Hiermee verbonden is het Schriftgezag. In de bundel ligt de nadruk op de menselijke kant van de Schrift, al wordt Gods handelen erkend. Enige voorbeelden: ‘De bijbelschrijvers waren mensen van hun tijd, die niet de kennis hadden die wij nu hebben. Niettemin hebben ze wel hun kennis van toen gebruikt in hun poging te beschrijven hoe de wereld om hen heen zou kunnen zijn ontstaan’ (Korpel, p. 118). Michaël Mulder schrijft: ‘Het blijft eenvoudig zo, dat Paulus hierover spreekt als een kind van zijn tijd, aansluitend bij Joodse opvattingen die we ook kennen uit andere geschriften’ (p. 189). Ik geef direct toe dat we de schrijvers moeten situeren in hun eigen tijd, maar is dit alles? Hoe heeft God gebruik gemaakt van hun inzichten en geschriften? In welke mate vormen hun geschriften gezaghebbende literatuur als woord van God? Geeft het NT alleen een latere interpretatie of ook gezaghebbende uitleg over het OT? Waarom wordt in deze bundel zo gemakkelijk afgeweken van de orthodoxe inspiratieleer?

De ziel

Wat betekent de ziel van de mens? De afgelopen eeuw was er in de oudtestamentische wetenschap een grote nadruk op het monisme en het bestaan van een afzonderlijke ziel werd vaak ontkend. De nadruk lag op de psychosociale eenheid van de mens. Terecht voert Wim van Vlastuin enige argumenten aan voor het voortbestaan van de ziel na de dood en op een tussentoestand voordat de opstanding uit de dood plaatsvindt. Het is interessant dat in de oudtestamentische wetenschap de laatst jaren meer nadruk komt te liggen op ‘disembodied souls’ en op een voortbestaan na de dood, zoals ook uit grafgiften blijkt. De Katumuwa-inscriptie die in 2008 gevonden is, speelt hierin een belangrijke rol.

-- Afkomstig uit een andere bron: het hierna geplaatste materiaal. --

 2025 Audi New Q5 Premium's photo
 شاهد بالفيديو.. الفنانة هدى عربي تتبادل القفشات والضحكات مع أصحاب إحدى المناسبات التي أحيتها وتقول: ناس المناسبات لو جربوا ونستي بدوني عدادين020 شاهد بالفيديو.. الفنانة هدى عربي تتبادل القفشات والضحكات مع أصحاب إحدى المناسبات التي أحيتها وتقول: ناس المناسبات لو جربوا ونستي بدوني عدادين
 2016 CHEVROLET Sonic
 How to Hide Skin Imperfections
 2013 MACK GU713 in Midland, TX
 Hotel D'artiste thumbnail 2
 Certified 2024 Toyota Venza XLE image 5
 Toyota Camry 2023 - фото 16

Met verwijzing naar de reformatorische wijsbegeerte en W.J. Ouweneel meent Wim van Vlastuin dat de psychosomatische eenheid van de mens betekent dat de menselijke structuur niet herleid kan worden tot een lagere structuur, dat de mens ook fysisch, biotisch, perceptief en sensitief van het dier verschilt, dat we de menselijk eigenschappen niet kunnen verdierlijken en dat de mens als totaalconcept dus echt van een andere orde is dan het dier. Daar sluit ik mij bij aan.

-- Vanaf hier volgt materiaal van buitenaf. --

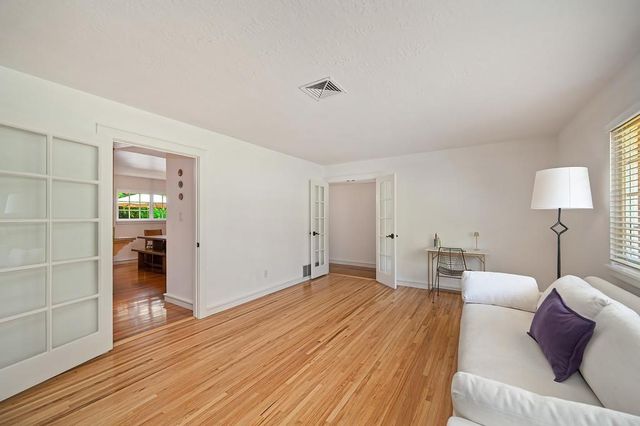 9798 Blue Lake Dr, Folsom, CA 95630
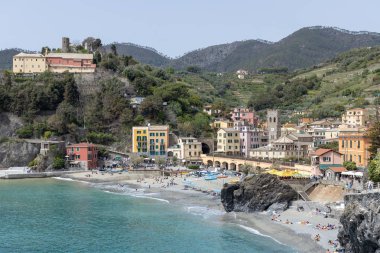 Monterosso, Liguria/İtalya - 22 Nisan : Kıyı şeridinin görünümü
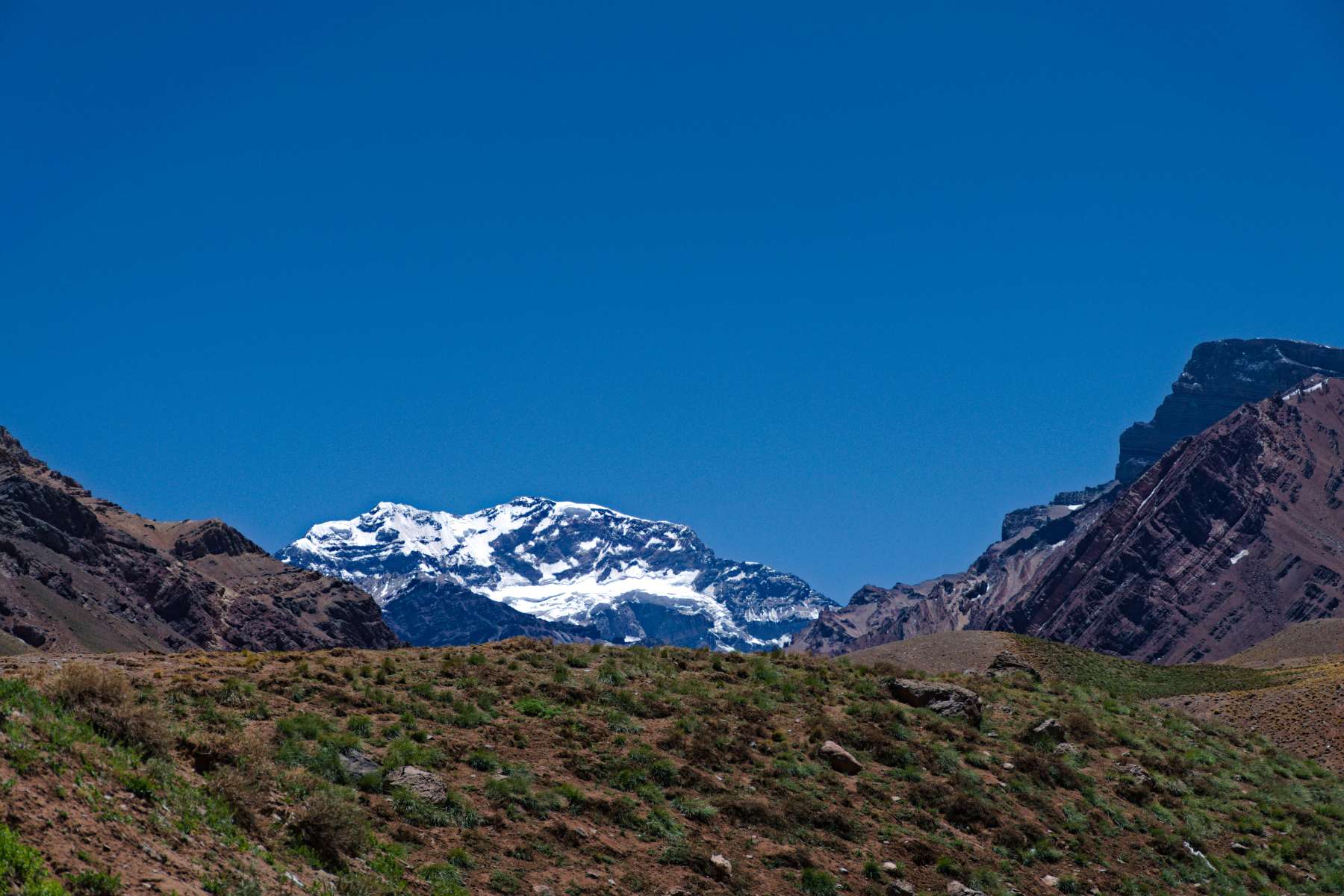 De zuidwand van de Aconcagua boven groene hellingen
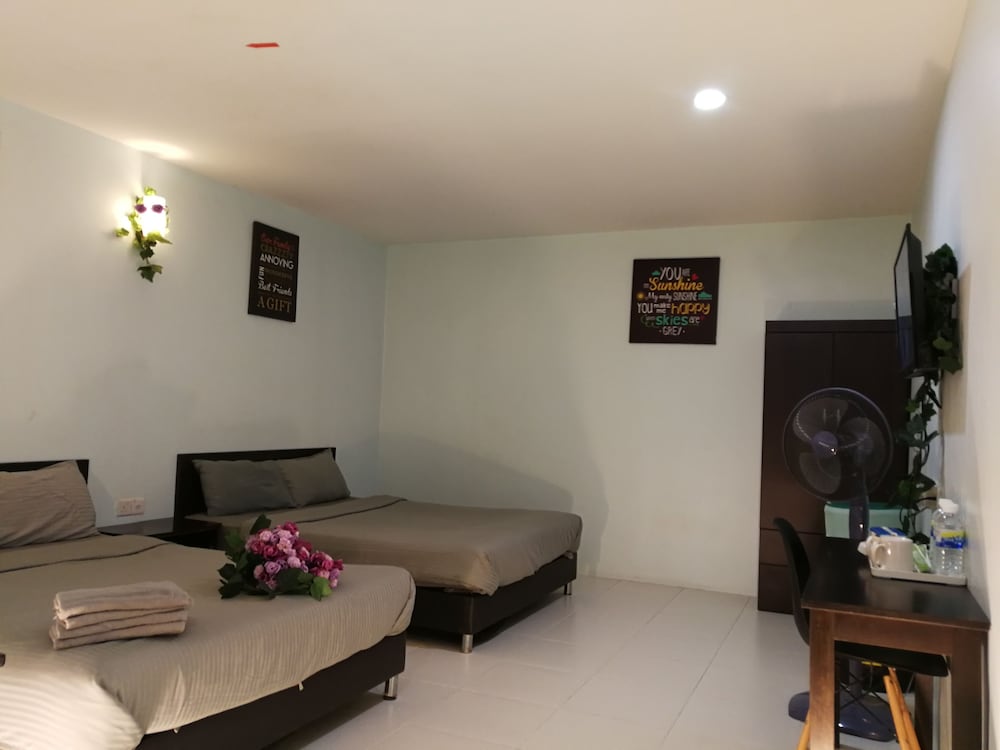 Live Com Hotel 25/30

Slothoofdstuk Gijsbert van den Brink

Hij geeft aan te weinig op de betekenis van de ziel te zijn ingegaan (p. 352-353). Inderdaad is hier nog veel werk te doen.

Op p. 355 stelt hij de vraag naar het lezen van de Bijbel. Hij constateert dat de Bijbel het beeld oproept van een relatief jonge aarde met diverse levensvormen binnen één werkweek geschapen. Hij schrijft: ‘Vanuit een dergelijke intuïtieve lezing van de Bijbel is het ook begrijpelijk dat onder het brede publiek het jonge-aarde-creationisme altijd populairder is gebleven dan het oude-aardecreationisme’. Protestanten willen de Bijbel graag lezen ‘zoals het er staat’: het stuit hen intuïtief tegen de borst dat je eerst zou moeten nagaan of het ook wel zo bedoeld is.

De auteur gebruikt hier twee keer het woord ‘intuïtief’. Toch is hier veel meer aan de hand. Het is de opvatting die gedurende heel de kerkgeschiedenis gangbaar was en door honderden exegeten van allerlei richtingen beargumenteerd werd. Het was een wetenschappelijke gangbare uitleg, die ook nu nog vele verdedigers heeft, en niet slechts ‘intuïtief’. Er kunnen externe redenen zijn om de uitleg aan te passen, zoals in de bundel naar voren komt, maar de geschetste alternatieven zijn fragmentair, grotendeels speculatief en hermeneutisch nog niet consistent.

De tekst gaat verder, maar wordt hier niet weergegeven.